— WHAT IS REQUIRED —
Lines from the one with "Geranium versicolor" to the end of the material, both included: print them exactly and print nothing else. Omit the pictures.

— DATASET SECTION —

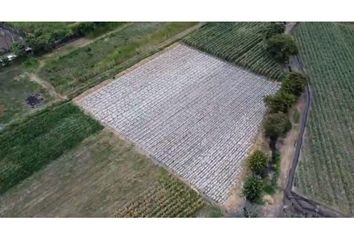 Lote de Terreno en  Campoalegre, El Cerrito Valle Del Cauca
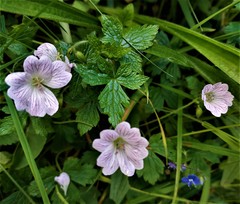 Geranium versicolor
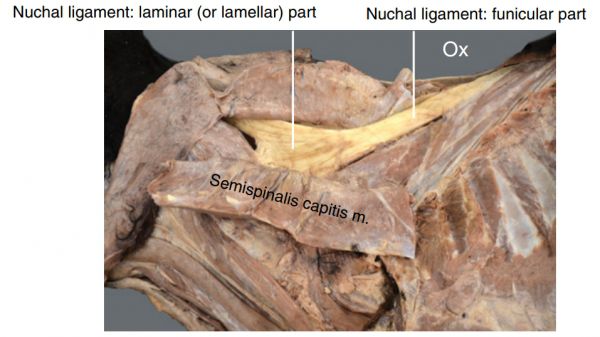 출처: Guide to ruminant anatomy dissection and clinical aspects
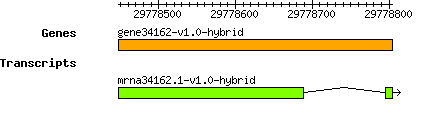 gene34162-v1.0-hybrid.png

— REPLY —
 Geranium versicolor
 출처: Guide to ruminant anatomy dissection and clinical aspects
 gene34162-v1.0-hybrid.png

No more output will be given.